• _The records_
_____

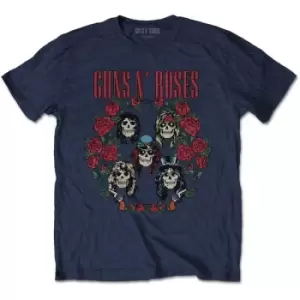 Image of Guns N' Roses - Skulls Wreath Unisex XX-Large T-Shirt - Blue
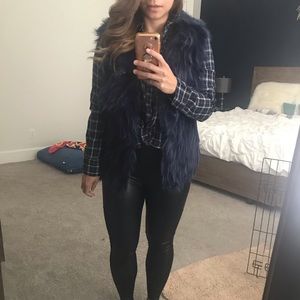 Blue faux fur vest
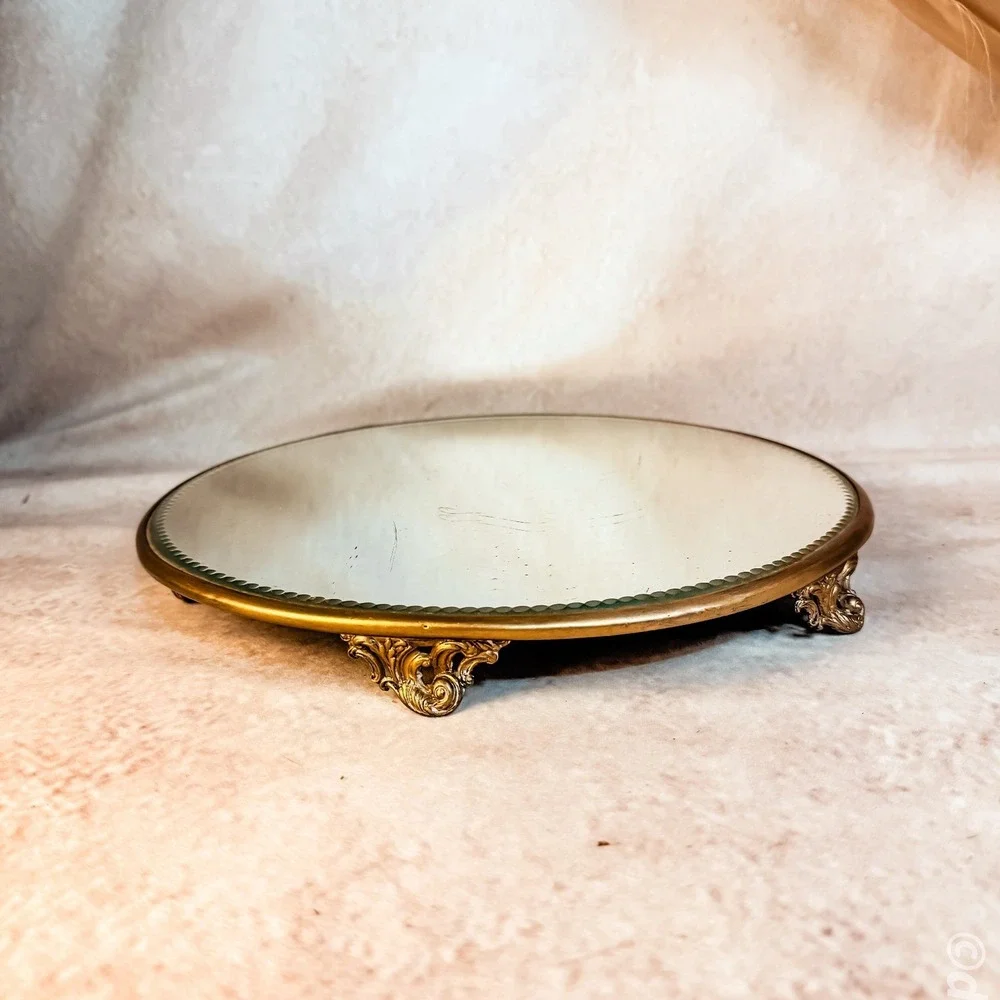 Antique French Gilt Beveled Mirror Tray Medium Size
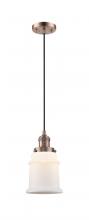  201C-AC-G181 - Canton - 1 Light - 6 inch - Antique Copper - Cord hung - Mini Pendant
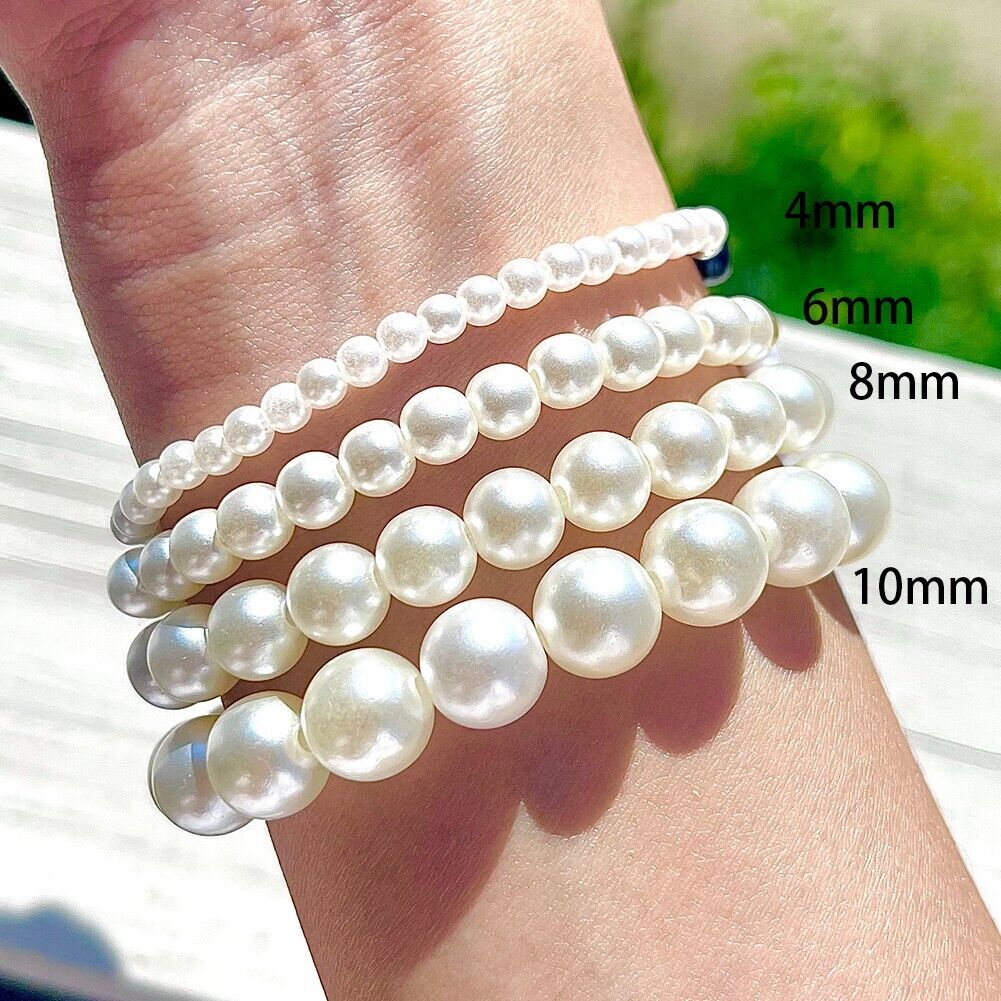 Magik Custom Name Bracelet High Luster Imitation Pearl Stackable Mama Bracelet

_____

• _Exercise objective_
What I need is every record written out exactly, minus the pictures.

• _Expected answer_
 Image of Guns N' Roses - Skulls Wreath Unisex XX-Large T-Shirt - Blue
 Blue faux fur vest
 Antique French Gilt Beveled Mirror Tray Medium Size
  201C-AC-G181 - Canton - 1 Light - 6 inch - Antique Copper - Cord hung - Mini Pendant
 Magik Custom Name Bracelet High Luster Imitation Pearl Stackable Mama Bracelet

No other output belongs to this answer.